Die teilweise selbst musikalischen Schüler waren begeistert von der Aufführung. „Der Soundtrack hat der Inszenierung eine Art Filmcharakter verliehen und das Ganze noch faszinierender gemacht“, schildert ein Schüler seine Eindrücke. Eine andere Schülerin beschreibt die unterschiedlichen Gefühle, welche die Musik in ihr ausgelöst habe. Manche Stücke seien hell und leicht gewesen und andere wiederum eher schwer, dunkel und aufwühlend.
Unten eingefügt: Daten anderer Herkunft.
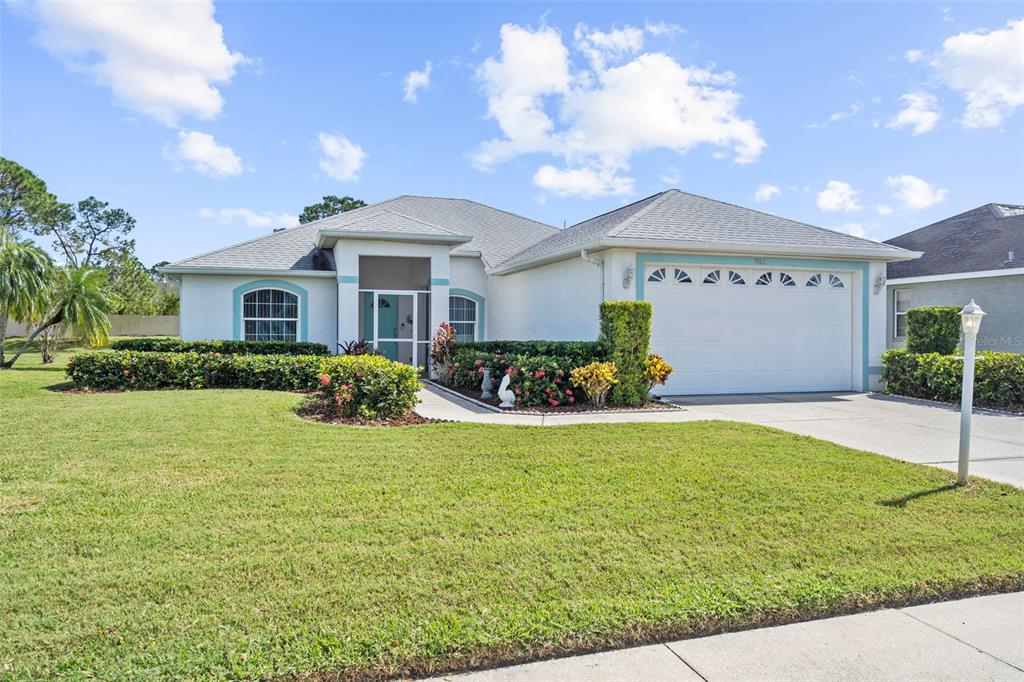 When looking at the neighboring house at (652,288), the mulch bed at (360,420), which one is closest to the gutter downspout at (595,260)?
the neighboring house at (652,288)

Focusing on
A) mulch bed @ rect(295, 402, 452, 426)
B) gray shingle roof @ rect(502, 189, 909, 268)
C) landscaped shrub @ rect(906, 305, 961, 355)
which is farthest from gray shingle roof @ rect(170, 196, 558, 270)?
landscaped shrub @ rect(906, 305, 961, 355)

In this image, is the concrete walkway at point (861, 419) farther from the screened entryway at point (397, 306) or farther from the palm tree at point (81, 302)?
the palm tree at point (81, 302)

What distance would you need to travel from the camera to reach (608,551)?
411 cm

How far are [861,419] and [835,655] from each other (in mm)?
7831

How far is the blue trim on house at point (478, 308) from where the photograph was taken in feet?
59.3

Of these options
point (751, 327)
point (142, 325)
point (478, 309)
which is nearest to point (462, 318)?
point (478, 309)

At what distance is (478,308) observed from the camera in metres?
18.3

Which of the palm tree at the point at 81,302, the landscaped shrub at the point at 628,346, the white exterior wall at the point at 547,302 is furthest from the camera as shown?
the palm tree at the point at 81,302

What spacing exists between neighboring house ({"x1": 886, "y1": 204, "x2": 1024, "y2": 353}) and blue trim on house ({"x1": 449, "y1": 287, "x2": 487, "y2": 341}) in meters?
11.8

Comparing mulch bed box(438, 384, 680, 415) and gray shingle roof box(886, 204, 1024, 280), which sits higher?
gray shingle roof box(886, 204, 1024, 280)

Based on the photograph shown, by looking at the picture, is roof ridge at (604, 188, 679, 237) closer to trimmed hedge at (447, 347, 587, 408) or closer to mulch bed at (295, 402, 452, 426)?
trimmed hedge at (447, 347, 587, 408)

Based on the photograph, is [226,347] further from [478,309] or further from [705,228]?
[705,228]

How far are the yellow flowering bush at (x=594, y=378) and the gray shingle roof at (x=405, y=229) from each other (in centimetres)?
643

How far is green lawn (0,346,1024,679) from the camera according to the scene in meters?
3.03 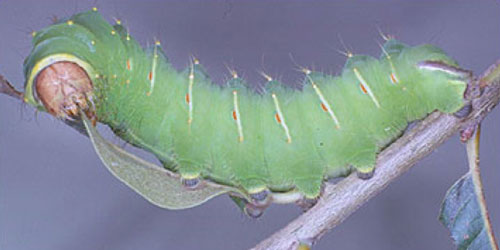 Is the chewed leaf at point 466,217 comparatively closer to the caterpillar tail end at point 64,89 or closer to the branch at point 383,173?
the branch at point 383,173

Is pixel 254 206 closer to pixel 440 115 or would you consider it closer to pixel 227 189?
pixel 227 189

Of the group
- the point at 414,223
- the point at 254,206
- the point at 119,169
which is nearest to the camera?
the point at 119,169

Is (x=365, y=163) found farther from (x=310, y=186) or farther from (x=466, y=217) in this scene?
(x=466, y=217)

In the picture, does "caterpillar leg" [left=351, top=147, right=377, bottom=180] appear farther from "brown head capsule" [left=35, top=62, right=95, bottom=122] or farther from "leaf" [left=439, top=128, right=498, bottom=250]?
"brown head capsule" [left=35, top=62, right=95, bottom=122]

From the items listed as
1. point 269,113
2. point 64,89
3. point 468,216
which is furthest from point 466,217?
point 64,89

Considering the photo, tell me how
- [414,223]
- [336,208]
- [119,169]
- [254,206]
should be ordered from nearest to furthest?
[119,169] → [336,208] → [254,206] → [414,223]

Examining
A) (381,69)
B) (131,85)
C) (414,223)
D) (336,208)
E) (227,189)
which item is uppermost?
(131,85)

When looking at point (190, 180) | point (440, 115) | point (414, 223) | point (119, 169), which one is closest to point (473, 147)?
point (440, 115) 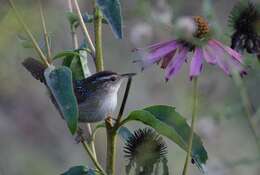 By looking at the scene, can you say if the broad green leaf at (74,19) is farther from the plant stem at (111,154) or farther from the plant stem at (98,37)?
the plant stem at (111,154)

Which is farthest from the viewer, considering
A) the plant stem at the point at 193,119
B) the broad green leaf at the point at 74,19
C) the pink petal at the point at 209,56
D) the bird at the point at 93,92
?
the bird at the point at 93,92

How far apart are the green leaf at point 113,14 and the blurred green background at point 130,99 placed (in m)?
0.23

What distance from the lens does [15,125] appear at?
199 inches

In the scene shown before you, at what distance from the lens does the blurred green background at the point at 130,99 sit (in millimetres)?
2598

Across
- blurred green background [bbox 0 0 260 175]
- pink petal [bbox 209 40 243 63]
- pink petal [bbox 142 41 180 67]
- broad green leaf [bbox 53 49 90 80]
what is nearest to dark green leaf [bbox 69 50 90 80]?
broad green leaf [bbox 53 49 90 80]

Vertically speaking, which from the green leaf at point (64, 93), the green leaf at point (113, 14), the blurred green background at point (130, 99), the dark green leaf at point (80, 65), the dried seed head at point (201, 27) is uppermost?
the green leaf at point (113, 14)

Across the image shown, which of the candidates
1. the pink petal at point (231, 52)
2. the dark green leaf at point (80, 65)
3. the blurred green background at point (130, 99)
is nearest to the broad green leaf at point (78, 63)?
the dark green leaf at point (80, 65)

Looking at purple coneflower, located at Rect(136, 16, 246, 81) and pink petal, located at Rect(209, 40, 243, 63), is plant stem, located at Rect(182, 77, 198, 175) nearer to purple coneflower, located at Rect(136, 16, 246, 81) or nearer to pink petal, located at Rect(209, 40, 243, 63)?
purple coneflower, located at Rect(136, 16, 246, 81)

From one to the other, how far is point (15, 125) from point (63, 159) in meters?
0.32

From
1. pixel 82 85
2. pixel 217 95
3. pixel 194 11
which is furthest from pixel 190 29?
pixel 194 11

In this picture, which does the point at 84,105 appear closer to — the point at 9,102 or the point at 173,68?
the point at 173,68

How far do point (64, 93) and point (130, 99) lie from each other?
342cm

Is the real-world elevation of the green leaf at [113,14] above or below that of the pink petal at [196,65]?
above

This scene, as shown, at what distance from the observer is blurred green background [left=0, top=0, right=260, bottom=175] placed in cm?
Result: 260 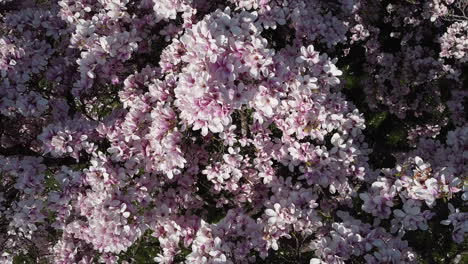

Eine weitere passende Beschreibung stammt ebenfalls aus den Zuschauerreihen: „Die Musik spiegelt die Gefühle wider und trägt die Emotionen weiter, die durch die Texte entstanden sind.“ Viele erzählen, sie seien geschockt gewesen von sowohl den damaligen Taten als auch der heutigen Gegenwärtigkeit.

Die Gruppe OPUS 45, habe es sich zur Aufgabe gemacht, gesellschaftspolitische Themen aufzugreifen und sie den Zuschauern mit Hilfe von Musik und kurzen Zeitungsauschnitten, Zitaten von Opfern und Tätern und schauspielerischen Inszenierungen näherzubringen. Sie wollen aufwecken und Aufmerksamkeit für Themen schaffen, die Teil der deutschen Geschichte und Identität sind, auch wenn sie noch so unschön sein mögen. Ihre Motivation sei es, durch Zusammenarbeit über aktuelle Themen zu informieren. Dafür müsse man jedoch die Vergangenheit verstehen und in der Geschichte des eigenen Heimatlandes ein Stück weit zurückgehen. Ziel dieser Vorstellung sei es, das Publikum über die Allgegenwärtigkeit von Rechtsextremismus in Deutschland aufmerksam zu machen. Außerdem appellieren die Künstler daran, wachsam zu bleiben und für die Rechte der Demokratie einzustehen, um solche Katastrophen wie sie leider immer wieder geschehen, zu verringern und zu verhindern.

Die Veranstaltung „Es ist geschehen und folglich kann es wieder geschehen“ des renommierten Bläserquintetts und dem aus Film und Fernsehen bekannten Schauspieler Roman Knižka, wurde von der Victor Rolff Stiftung gefördert und ermöglicht. Der Stiftung sei die kulturelle Bildung von Jugendlichen besonders wichtig, weshalb sie sich für die Vermittlung von gesellschaftlich wichtigen Themen durch die Kunst einsetze.

Mit großem Applaus wurden die Künstler am Ende verabschiedet und zurück bleibt ein beklemmendes Gefühl und das Wissen, dass „es geschehen ist, und folglich auch wieder geschehen kann …“.